PROBLEM DETAILS:
Write out the listing from the line with "cammyquart online show" to the line with "Ortonville, Michigan 2016", both lines included, exactly and nothing beyond. Leave pictures out.

MATERIAL PROVIDED:

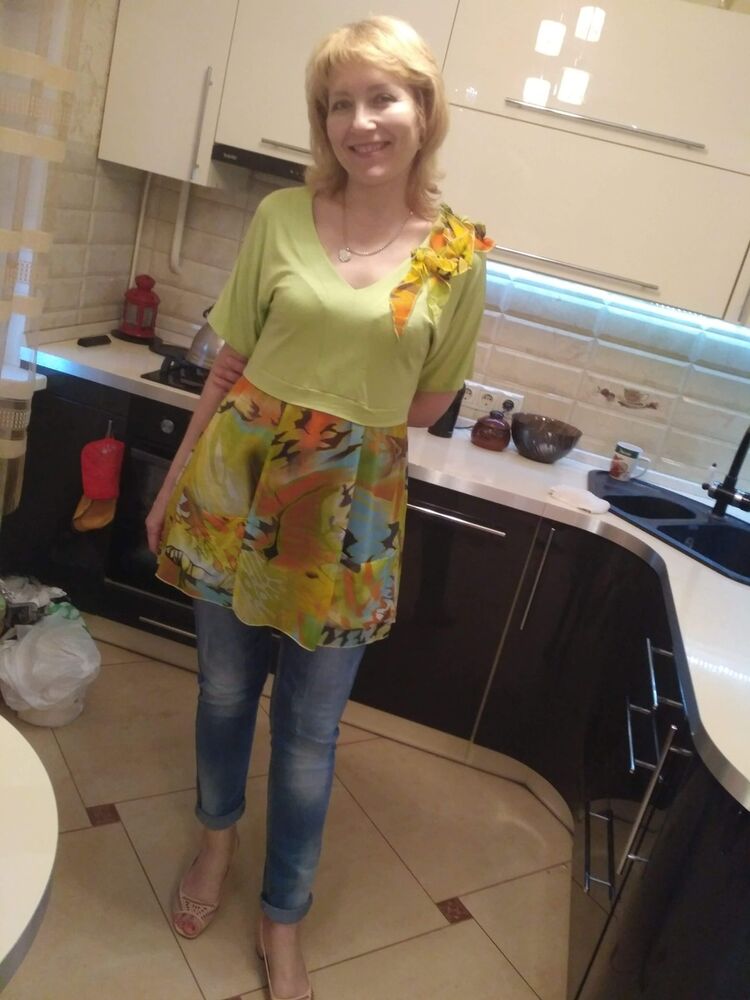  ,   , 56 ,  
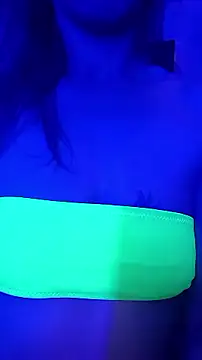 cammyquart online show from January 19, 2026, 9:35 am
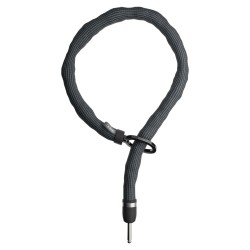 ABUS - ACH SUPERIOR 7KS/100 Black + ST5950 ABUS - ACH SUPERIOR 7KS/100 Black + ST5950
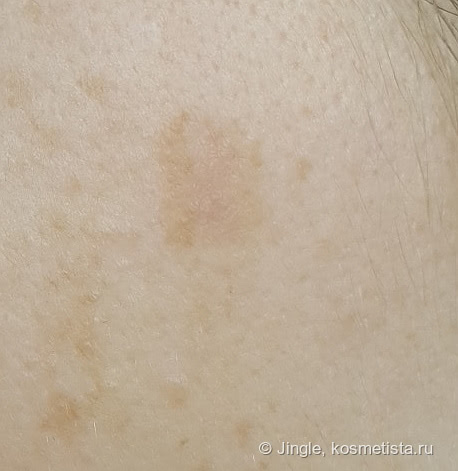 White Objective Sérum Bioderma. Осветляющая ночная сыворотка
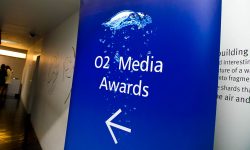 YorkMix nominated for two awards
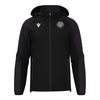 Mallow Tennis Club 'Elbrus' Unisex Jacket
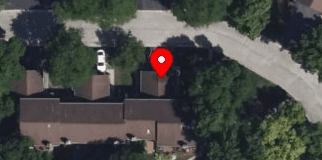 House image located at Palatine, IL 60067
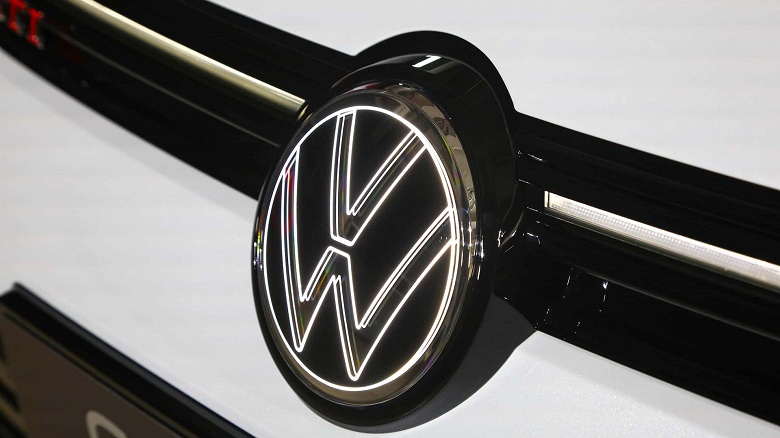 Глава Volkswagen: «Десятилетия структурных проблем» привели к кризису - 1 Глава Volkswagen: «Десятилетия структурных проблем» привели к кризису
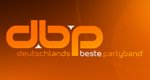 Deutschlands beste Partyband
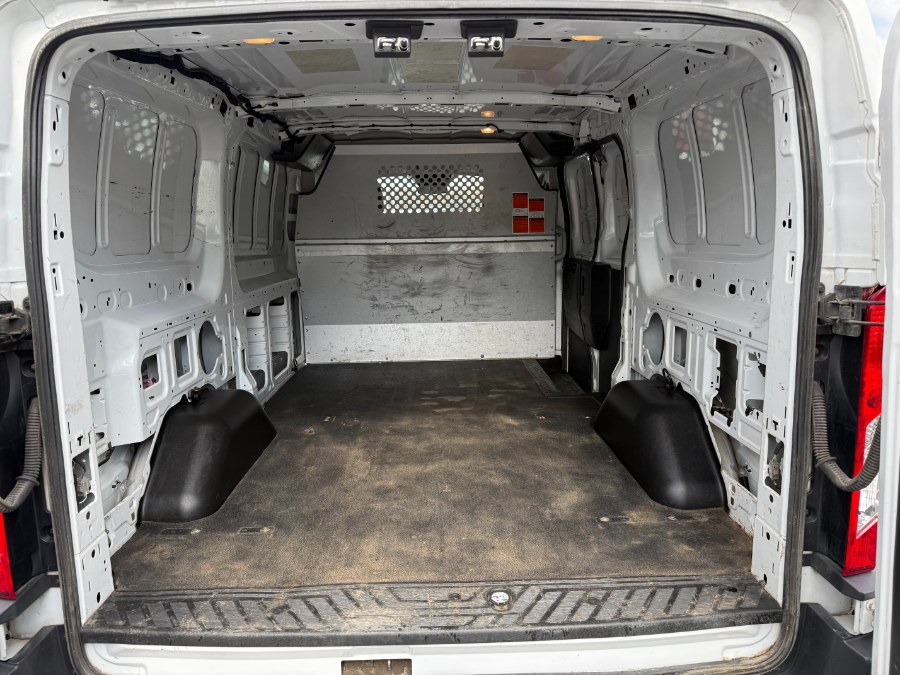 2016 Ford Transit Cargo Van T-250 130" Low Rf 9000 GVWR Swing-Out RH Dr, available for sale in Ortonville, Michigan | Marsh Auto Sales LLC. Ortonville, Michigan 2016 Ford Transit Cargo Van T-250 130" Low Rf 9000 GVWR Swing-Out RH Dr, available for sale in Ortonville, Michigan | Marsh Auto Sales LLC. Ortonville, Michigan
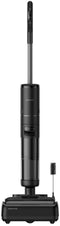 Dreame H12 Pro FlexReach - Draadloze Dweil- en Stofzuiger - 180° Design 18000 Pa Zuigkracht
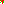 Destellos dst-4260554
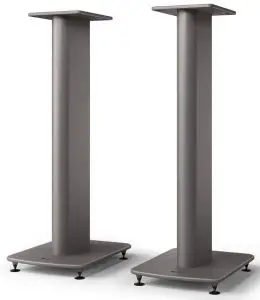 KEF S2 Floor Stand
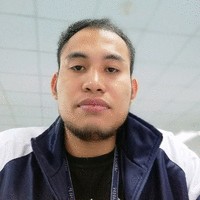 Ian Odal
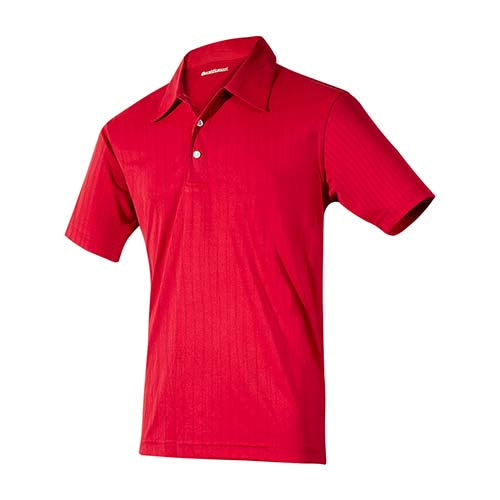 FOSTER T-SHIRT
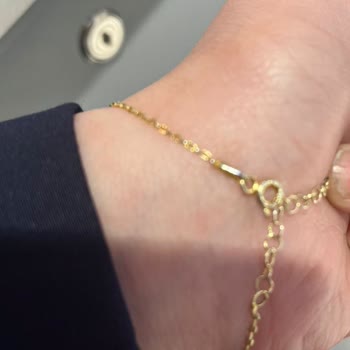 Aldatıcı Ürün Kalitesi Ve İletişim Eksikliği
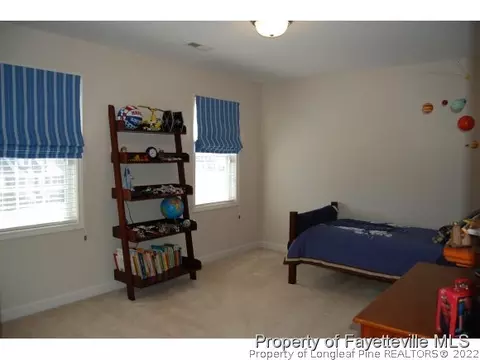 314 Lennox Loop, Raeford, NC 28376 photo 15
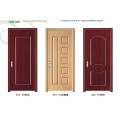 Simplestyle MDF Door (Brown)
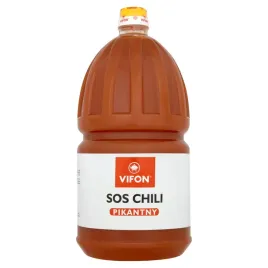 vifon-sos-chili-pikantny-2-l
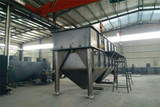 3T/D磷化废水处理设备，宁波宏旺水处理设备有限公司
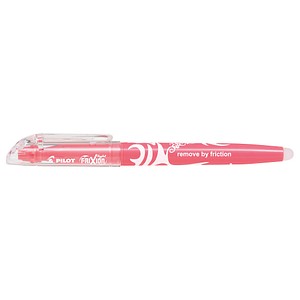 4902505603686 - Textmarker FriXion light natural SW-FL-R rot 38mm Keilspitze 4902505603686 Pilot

--

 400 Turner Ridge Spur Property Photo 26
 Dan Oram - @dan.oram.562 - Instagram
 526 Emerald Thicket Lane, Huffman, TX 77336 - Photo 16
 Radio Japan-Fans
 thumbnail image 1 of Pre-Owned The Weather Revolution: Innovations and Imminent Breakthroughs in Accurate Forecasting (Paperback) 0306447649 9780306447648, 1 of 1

OUTPUT FOR THIS EXERCISE:
 cammyquart online show from January 19, 2026, 9:35 am
 ABUS - ACH SUPERIOR 7KS/100 Black + ST5950 ABUS - ACH SUPERIOR 7KS/100 Black + ST5950
 White Objective Sérum Bioderma. Осветляющая ночная сыворотка
 YorkMix nominated for two awards
 Mallow Tennis Club 'Elbrus' Unisex Jacket
 House image located at Palatine, IL 60067
 Глава Volkswagen: «Десятилетия структурных проблем» привели к кризису - 1 Глава Volkswagen: «Десятилетия структурных проблем» привели к кризису
 Deutschlands beste Partyband
 2016 Ford Transit Cargo Van T-250 130" Low Rf 9000 GVWR Swing-Out RH Dr, available for sale in Ortonville, Michigan | Marsh Auto Sales LLC. Ortonville, Michigan 2016 Ford Transit Cargo Van T-250 130" Low Rf 9000 GVWR Swing-Out RH Dr, available for sale in Ortonville, Michigan | Marsh Auto Sales LLC. Ortonville, Michigan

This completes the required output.